Car in which Gaza terrorists killed Tali Hatuel and four daughters
Car in which Gaza terrorists killed Tali Hatuel and four daughtersOne Family Fund
David Hatuel was the principal of a middle school, and Tali was a social worker who, as part of her work, also took care of victims of terrorism in the Gaza Strip. She was thirty-four years old when she met her death during the protests by Jews against Ariel Sharon’s plan for withdrawal.

A terrorist squad opened fire on her car from a roadside Arab structure that the Israeli Supreme Court did not allow the IDF to destroy, and Tali died on the spot. Then her four daughters were murdered with a shot to the head at point-blank range. It was an execution.

The people of Gush Katif built a little memorial for Tali Hatuel and her daughters, which tells us: “Hila, the oldest, was sensitive and quiet, and had a good heart. She always spoke wisely, and she had a warm smile. Hadar, the second daughter, was a responsible child. She was creative. She always had an expression of curiosity and a bottomless smile. Roni, the third, loved everything connected to holiness, and showed this in her innocent and pure prayers. Merav, even though she was the youngest, was a born leader.
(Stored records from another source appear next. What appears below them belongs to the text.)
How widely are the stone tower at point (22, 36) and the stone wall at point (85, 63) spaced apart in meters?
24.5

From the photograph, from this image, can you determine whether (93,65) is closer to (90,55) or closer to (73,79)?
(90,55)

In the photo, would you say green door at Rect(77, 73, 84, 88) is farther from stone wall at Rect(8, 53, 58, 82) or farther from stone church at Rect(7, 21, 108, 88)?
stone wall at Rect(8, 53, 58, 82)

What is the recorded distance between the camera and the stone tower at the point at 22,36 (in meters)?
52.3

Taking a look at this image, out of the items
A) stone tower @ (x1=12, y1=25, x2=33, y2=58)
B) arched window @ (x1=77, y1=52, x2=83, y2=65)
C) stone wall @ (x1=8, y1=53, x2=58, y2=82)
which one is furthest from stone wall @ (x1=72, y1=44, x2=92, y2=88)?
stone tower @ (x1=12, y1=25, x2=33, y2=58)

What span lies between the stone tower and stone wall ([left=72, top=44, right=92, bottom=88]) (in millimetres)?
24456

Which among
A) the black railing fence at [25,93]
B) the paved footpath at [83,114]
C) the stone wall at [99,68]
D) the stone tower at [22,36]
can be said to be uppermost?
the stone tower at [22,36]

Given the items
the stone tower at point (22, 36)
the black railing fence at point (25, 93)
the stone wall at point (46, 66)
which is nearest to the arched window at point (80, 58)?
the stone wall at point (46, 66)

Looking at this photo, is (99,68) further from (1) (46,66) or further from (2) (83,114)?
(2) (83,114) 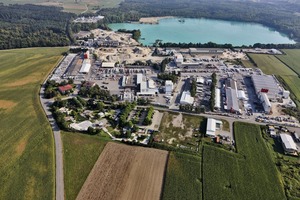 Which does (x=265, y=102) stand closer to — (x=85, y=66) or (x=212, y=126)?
(x=212, y=126)

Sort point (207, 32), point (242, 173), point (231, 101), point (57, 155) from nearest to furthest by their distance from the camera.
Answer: point (242, 173) < point (57, 155) < point (231, 101) < point (207, 32)

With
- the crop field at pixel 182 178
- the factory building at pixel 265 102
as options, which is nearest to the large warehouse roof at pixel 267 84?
the factory building at pixel 265 102

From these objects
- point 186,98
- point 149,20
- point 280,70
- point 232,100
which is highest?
point 149,20

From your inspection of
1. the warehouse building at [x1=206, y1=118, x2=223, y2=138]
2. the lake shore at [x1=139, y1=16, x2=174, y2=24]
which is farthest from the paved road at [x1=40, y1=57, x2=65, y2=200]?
the lake shore at [x1=139, y1=16, x2=174, y2=24]

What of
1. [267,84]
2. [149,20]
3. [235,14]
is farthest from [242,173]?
[235,14]

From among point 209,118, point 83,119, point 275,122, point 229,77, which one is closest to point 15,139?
point 83,119

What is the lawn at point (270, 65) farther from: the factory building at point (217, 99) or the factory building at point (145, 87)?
the factory building at point (145, 87) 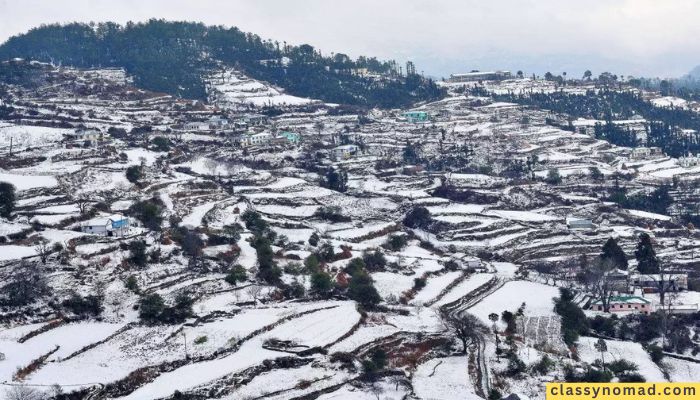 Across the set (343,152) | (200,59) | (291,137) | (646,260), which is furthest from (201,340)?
(200,59)

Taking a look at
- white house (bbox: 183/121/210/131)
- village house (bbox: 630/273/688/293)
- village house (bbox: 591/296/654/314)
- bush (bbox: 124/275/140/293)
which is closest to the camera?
bush (bbox: 124/275/140/293)

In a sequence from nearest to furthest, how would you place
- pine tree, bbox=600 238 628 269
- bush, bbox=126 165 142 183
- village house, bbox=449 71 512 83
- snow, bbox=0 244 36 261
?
snow, bbox=0 244 36 261 → pine tree, bbox=600 238 628 269 → bush, bbox=126 165 142 183 → village house, bbox=449 71 512 83

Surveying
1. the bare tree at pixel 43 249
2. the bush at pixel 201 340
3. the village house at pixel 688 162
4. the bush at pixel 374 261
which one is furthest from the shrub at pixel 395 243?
the village house at pixel 688 162

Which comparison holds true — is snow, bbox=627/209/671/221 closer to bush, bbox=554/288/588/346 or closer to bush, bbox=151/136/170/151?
bush, bbox=554/288/588/346

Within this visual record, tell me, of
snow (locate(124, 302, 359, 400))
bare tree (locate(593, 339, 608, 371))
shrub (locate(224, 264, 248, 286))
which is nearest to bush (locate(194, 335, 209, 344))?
snow (locate(124, 302, 359, 400))

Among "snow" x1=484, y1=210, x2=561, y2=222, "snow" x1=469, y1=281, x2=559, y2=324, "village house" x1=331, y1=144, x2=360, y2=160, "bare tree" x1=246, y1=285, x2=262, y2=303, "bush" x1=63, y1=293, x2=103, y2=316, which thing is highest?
"village house" x1=331, y1=144, x2=360, y2=160

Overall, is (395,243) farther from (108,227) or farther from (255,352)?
(255,352)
She was full of innocence and grace, energy and happiness.”

Tali was also eight months pregnant with a fifth child. The Calgary Herald in Canada asked, “Why does the world remain silent in the face of the killing of a woman eight months pregnant, and of her four daughters?”

The world's silence was deafening.

But Israel didn't forget and its army has just recently eliminated the terrorist behind this massacre.

David Hatuel, originally from Morocco, went to mourn for his exterminated family in the Kiryat Sanz neighborhood in Netanya. Kiryat Sanz is a living memorial of the Holocaust, where almost all the elderly are people who escaped the Nazi extermination. The late Sanz (Klausenberger) Rebbe lost his wife and 11 children in the Holocaust and found the strength to build Kiryat Sanz in 1958. In spite of so much violence and pain, David has never lost his faith in Israel.

I met him to write my book "A New Shoah". “The Jewish nation has survived things much more terrible than the terrorism and hatred that Israel now faces" Hatuel told me. "We survived thanks to our faith in God and in justice; we survived thanks to our intelligence and our resources. The Jewish nation will survive terrorism. Although the power of our leaders is self-referential, and in spite of the many challenges facing the Jewish nation, we see the existence of the State of Israel as the beginning of the nation’s salvation, and our faith in salvation is unshaken.”

Israel and the Jewish people cannot be defeated.